=== INFORMATION SUPPLIED ===
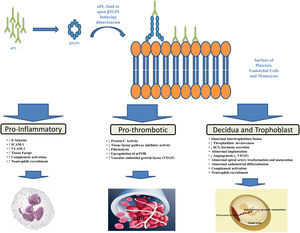 Antiphospholypid antibodies (aPL) produced by B cells bind to open, immunogenic, β2-glycoprotein I (β2GPI), leading to conformational change and dimerization. Annexine A2, Toll Like receptor-4 and apoE-receptor-2 may serve as receptor for β2GPI on cell surfaces. This binding results in endothelial-cell, monocyte, platelet and neutropphil activation and trophoblast and decidua modification leading to inflammation, thrombosis and pregnancy complications.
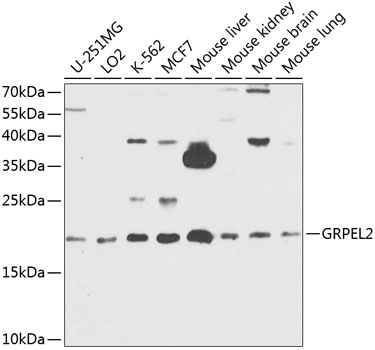 GRPEL2 Polyclonal Antibody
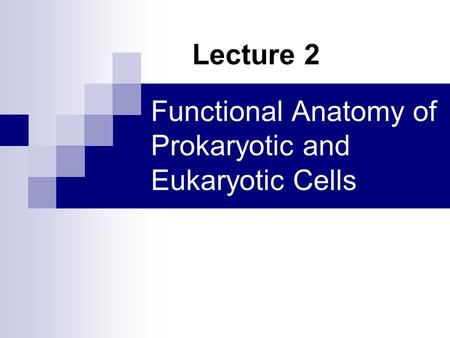 Functional Anatomy of Prokaryotic and Eukaryotic Cells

=== EXERCISE PROMPT ===
Within the listing above, find the line containing "GRPEL2 Polyclonal Antibody", then print it and every line after it exactly, leaving out pictures.

=== TASK RESPONSE ===
 GRPEL2 Polyclonal Antibody
 Functional Anatomy of Prokaryotic and Eukaryotic Cells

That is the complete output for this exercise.